This PR aims at finally rolling out the changes discussed in #3664. Other related PRs: #3736 and badges/squint#1.

Summarising my understanding of where we're at: after getting input from @espadrine, the original author of this project, @paulmelnikow proposed dual-licensing the project under both the MIT and Apache 2.0 licenses in #3664 (comment). Both @calebcartwright and @PyvesB are on board with the proposal, having added their 👍🏻. Worth noting that this dual licensing approach is also what we've rolled out in Shields-adjacent projects in the meantime, for example squint.

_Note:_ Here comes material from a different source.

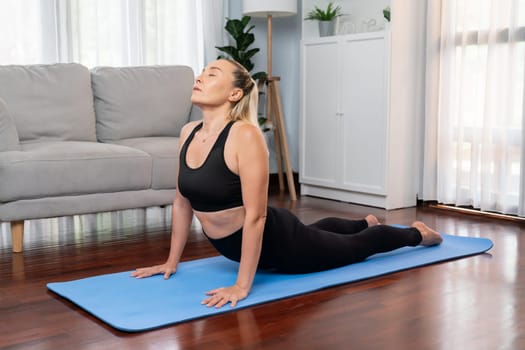 Senior woman in sportswear being doing yoga in meditation posture on exercising mat at home. Healthy senior pensioner lifestyle with peaceful mind and serenity. Clout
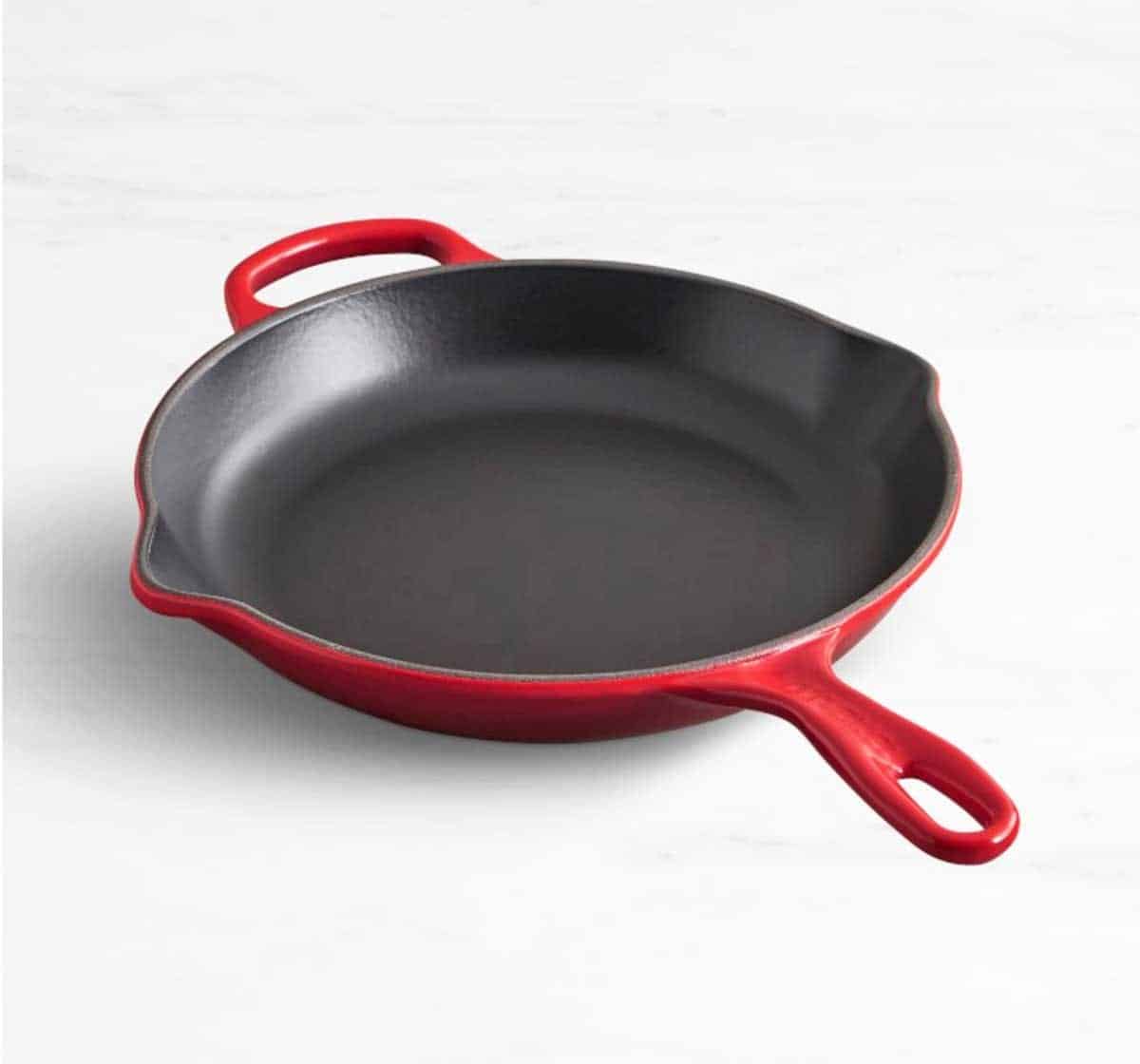 Le Creuset enameled cast iron skillet in cherry red color.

In this instance, I've labeled the copyright holder as Copyright Thaddée Tyl and contributors, to align with package.json entries which also list him as the author of the project.

As a side note, Paul had suggested adding a note about the history of the license in the README. Given we've now got a blog capability, I've instead leveraged that and written a short article, which feels like a more appropriate way of communicating the change to our users.

Amongst the current maintainers listed in the README, we're missing input from @jNullj. He's the only other active maintainer alongside me, I'm adding the needs-discussion label and treating his approval as a requirement for moving ahead with this change.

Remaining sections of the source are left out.